DISCRIMINAÇÃO

Caso Maria Luiza: após 20 anos, processo ainda tramita na Justiça

Considerada a primeira transexual das Forças Armadas, Maria Luiza Silva foi transferida compulsoriamente para a reserva depois de fazer a cirurgia de redesignação sexual e, agora, briga na Justiça para ter direito à aposentadoria do cargo de subtenente

Renata Nagashima
postado em 22/02/2022 22:00 / atualizado em 22/02/2022 22:08
Maria Luiza da Silva aguarda nova decisão sobre recurso apresentado pela União
 -  (crédito: Diego Bresani/Divulgação)
Maria Luiza da Silva aguarda nova decisão sobre recurso apresentado pela União - (crédito: Diego Bresani/Divulgação)

Depois de uma longa batalha que chegou ao Superior Tribunal de Justiça (STJ), Maria Luiza da Silva, 61 anos, considerada a primeira transexual das Forças Armadas, corre risco de perder esse reconhecimento. Isso porque, mais uma vez, a União recorreu da decisão que permitiu à militar se aposentar como subtenente. Há 20 anos, ela luta por um direito que lhe foi tomado: o de continuar a servir na Força Aérea Brasileira (FAB). No entanto, em 2000, acabou transferida compulsoriamente para a reserva, logo após passar pelo processo de redesignação sexual.
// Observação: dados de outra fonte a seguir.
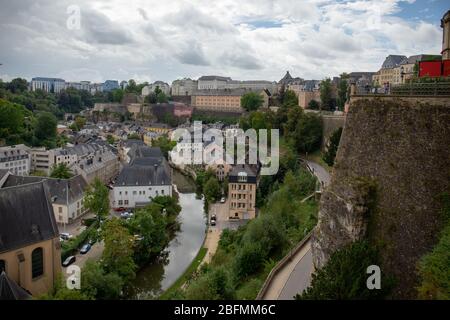 Partial view of the city of Luxembourg and its old fortified medieval city that is located on steep cliffs. Stock Photo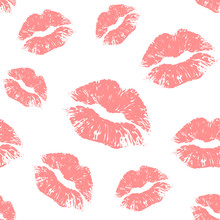Vector Nude Lips Seamless Pattern On White Background. Lips Prints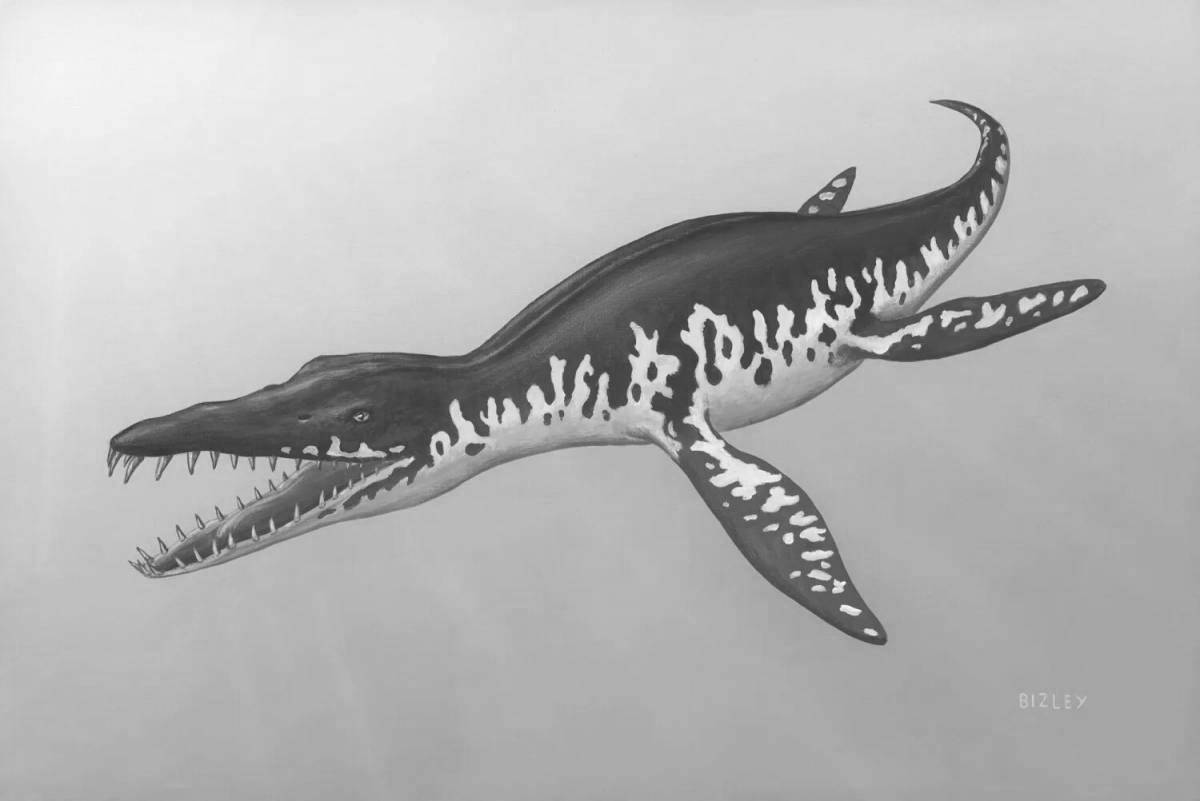 Glitter coloring liopleurodon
"Eu decidi libertar a Maria Luiza de dentro de mim, e a FAB não aceitou isso. Fui aposentada por discriminação. Não queriam deixar uma pessoa trans na ativa", relatou ao Correio. Afastada aos 39 anos, ela não aceitou a decisão e entrou na Justiça. "Sempre fui militar padrão e exemplar, no topo do ranking da graduação, de desempenho e comportamento. Eu queria voltar, mas, quando a decisão me autorizando a voltar para a ativa saiu, passei para a reforma novamente, porque tinha atingido a idade-limite. Isso me abalou muito, porque tenho muito amor pela profissão e pela aeronáutica", lamentou.

A última atualização do caso no STJ ocorreu em dezembro, quando a Corte ratificou uma decisão de abril em que a Segunda Turma, por unanimidade, confirmou a decisão que confirmou a entrada de Maria Luiza na reserva como subtenente, último posto assumido pela militar no quadro de praças.

Decisões

À época, o colegiado negou recurso da União, que tentava derrubar a decisão do relator, Herman Benjamin. Em junho de 2020, o ministro considerou legítimo que, na reserva após fazer a cirurgia de redesignação sexual, a militar recebesse vencimentos correspondentes à aposentadoria integral do cargo de subtenente. Para o magistrado, a FAB tirou de Maria Luiza o direito de progredir na carreira devido a um ato administrativo "ilegal, nulo e baseado em irrefutável discriminação".

Os demais integrantes da turma tiveram o mesmo entendimento e acrescentaram que a ex-militar tinha direito de permanecer no imóvel funcional da Força Aérea até que obtivesse os valores integrais dos depósitos da aposentadoria como subtenente. Além disso, o colegiado determinou que a União reembolsasse Maria Luiza por uma multa imposta em virtude de ocupação considerada irregular do imóvel.

"Agora, o processo está no STJ e aguarda definição do cargo pelo qual ela será aposentada. A Corte decidiu, mas a União entrou com novo recurso, que não foi julgado ainda. Só vamos conseguir colocar um fim nisso quando a União parar de recorrer", afirmou Max Telesca, advogado da militar.

Diante de um processo que se arrasta há décadas, Maria Luiza anseia pelo término da morosa disputa judicial. "Isso vai até quando? Eu não posso mais esperar. Vou fazer 62 anos. Falta tão pouco para colocar um ponto final nisso, e é necessário colocar. A transfobia tem de acabar no nosso mundo", completou a militar.

A reportagem aguarda posicionamento da Advocacia-Geral da União (AGU) sobre o caso.